雨牡丹

那个牡丹初放的时节,阿惠携着女友阿敏从江苏一座临海的城市来到洛阳。当她们俩说起东台话时,我就像在听两个日本女人叽哩咕噜地交谈。

人间四月天,洛阳赏牡丹,她们就是冲着牡丹来的。但上路前,天突然下起雪来,等她们到了洛阳,雪转成小雨。小雨像雾又像纱,把整个天地都弥漫了,到处凉浸浸、湿漉漉的。

见到阿惠的心情非常开朗。有朋友自远方来,不亦乐乎?何况,她还有新出的书给我,书中美文配佳图,美奂美仑。

三人正在房间说笑,突然有人敲门,进来的是一位黑黑瘦瘦的中年人,戴一顶黑帽,穿一袭黑风衣,背的包也是黑色的。阿惠介绍说他叫老车,是江苏一座海城日报社的,来给阿惠送样刊。

“不会吧!”我惊讶大叫,“一份样刊,寄到作者留的地址上就行了,还有编辑跟踪千里,送一份样刊的?就算是日报讲求时效性,也不至于这样急呀!”

我发自内心的惊讶,却让他感觉是一种调侃。他解释说:“周末无聊,到西安游览一圈,拍了些照片,准备写些文字给下一周用。
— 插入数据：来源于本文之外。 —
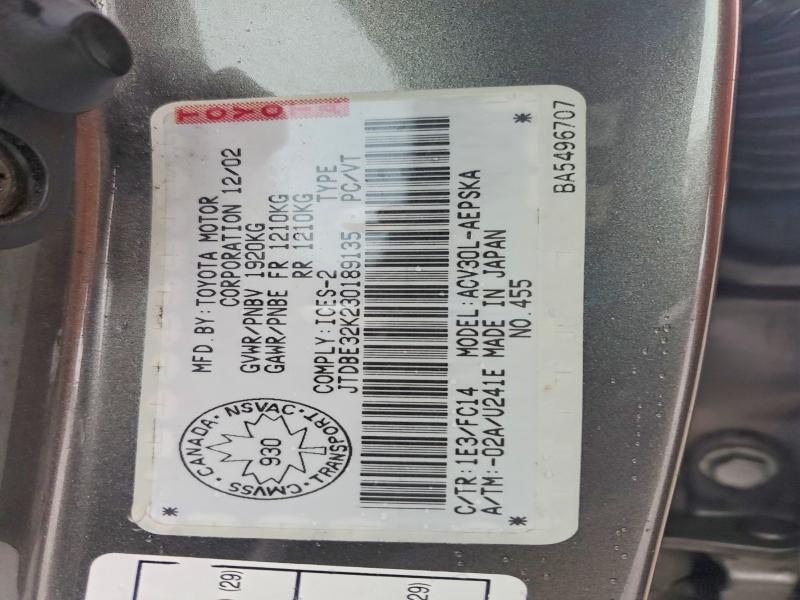2003 Toyota Camry le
返程时,阿惠发短信说来洛阳了,我就在洛阳下了火车。”

“好哇,拍一下我们洛阳的雨牡丹吧。”

经过考虑,我们选定一个最佳的路线:从新天鹅宾馆出发到《牡丹》杂志社拜山,然后到国花园赏花,下午到白马寺,第二天去龙门石窟。

《牡丹》杂志社里只有一个值班编辑在,见有外省作者来访,马上电话联系到新区参加活动的社长。约好中午一起吃饭,我们便驱车到洛阳桥边的中国国花园去看牡丹。

毛毛细雨还是轻轻飘洒着,游览车一路向里,路上的芍药都没开,绿生生一片,偶尔有一两株白牡丹微微含苞欲放。但越往里,越觉有异香渐浓。一抬头,曲栏水榭间一片牡丹开得正好,姚黄、魏紫、洛阳红、黑海撒金开得雍容大气、灿烂耀眼。花瓣沾了水珠儿,像特意装点上去的水晶颗粒,别有情致。

我那天穿着一件大红色的外套,粉面黑发映着牡丹,画面煞是好看,老车的镜头一直跟着我,为报纸取图片素材,深紫外套的阿敏总是远远落在后面,需招呼她,才肯走拢来。

她不写作,算是圈外人,拘谨些,可以谅解。

本来以为,牡丹就是这一路看到的样子,大气好看,异香扑鼻。没想到再往里走,雨棚下面的牡丹才让人惊艳,看了这些牡丹,才明白“姚黄魏紫寻常花,奇色异香在宫帏。”不由感叹“唯有牡丹真国色”,再无他花可匹敌了。欣赏这样的花,才叫悦眼目,怡心性,养寿命。一转身,发现有一处牡丹名字好怪:“千代之舞”……我疑惑:“洛阳牡丹怎么取个日本名字呢?”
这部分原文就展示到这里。